Tanaïs (née Tanwi Nandini Islam) is the New York based author of the critically-acclaimed novel BRIGHT LINES (Penguin 2015), which was a finalist for the Center for Fiction First Novel Prize, Edmund White Debut Fiction Award, the Brooklyn Eagles Literary Prize, and was the inaugural selection of the First Lady of NYC's Gracie Book Club, as well as Bustle's American Woman Book Club.

Their work is multi-disciplinary, dynamic, intersectional and feminist.

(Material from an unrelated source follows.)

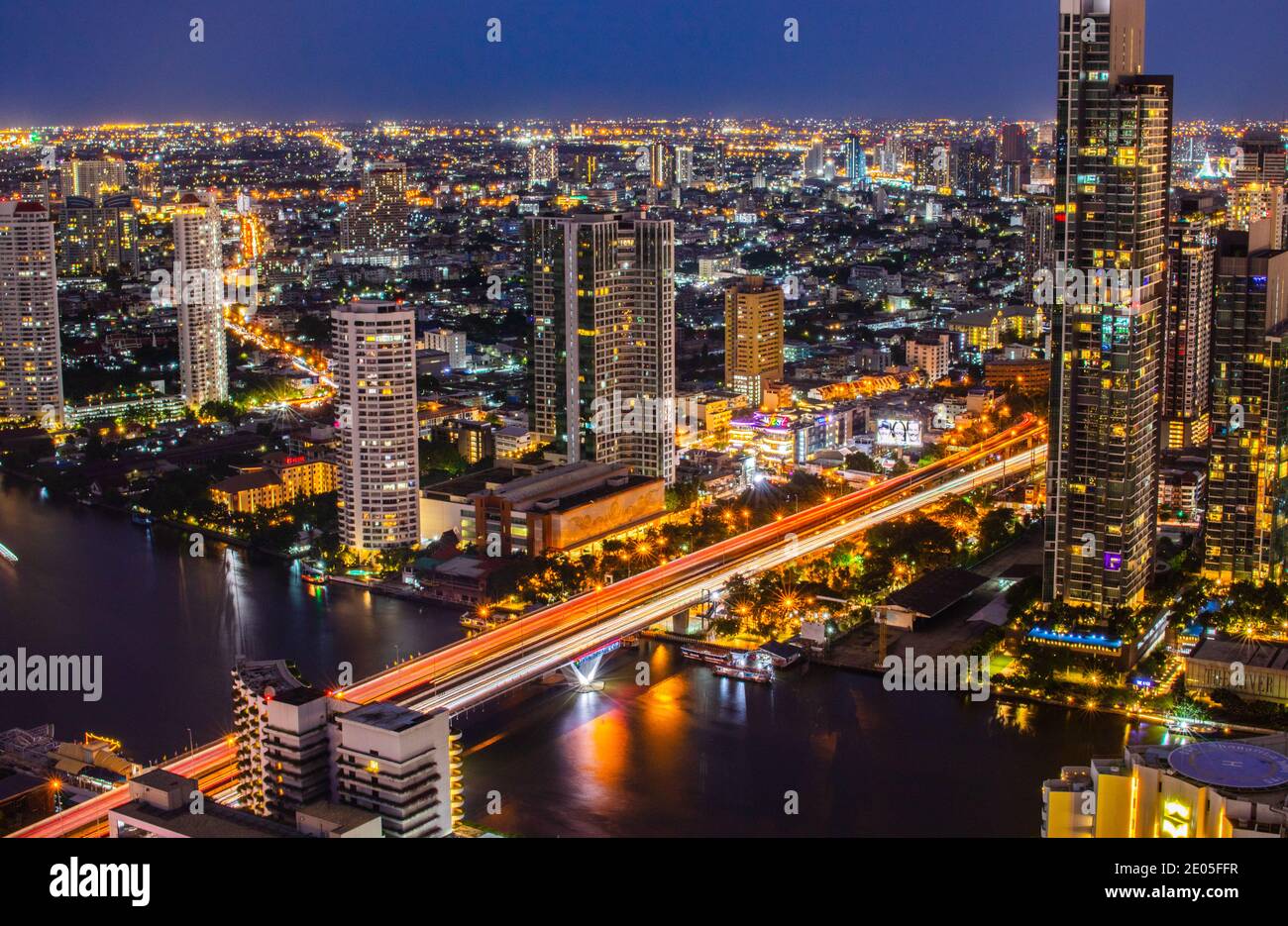 Bangkok di notte Foto Stock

Over the course of their career, they’ve worked as a community organizer, a domestic violence court advocate, a probations intake officer, and youth arts educator. While researching their debut novel, BRIGHT LINES, Tanaïs studied perfumery, amassing a library of 500 fragrant raw materials, which led to the creation of Hi Wildflower, independent beauty & fragrance house.

Currently, Tanaïs is working on IN SENSORIUM, an essay collection exploring scent, sensuality, South Asian and Muslim perfume cultures, colonization and its aftermath: the environmental and border crises around the world, as well as a second novel, STELLAR SMOKE. Their podcast and perfume anthology project, MALA, features interviews with survivors of violence, who reimagine their memories as scents. Season 1, featured five formerly incarcerated women in the NYS Penal System.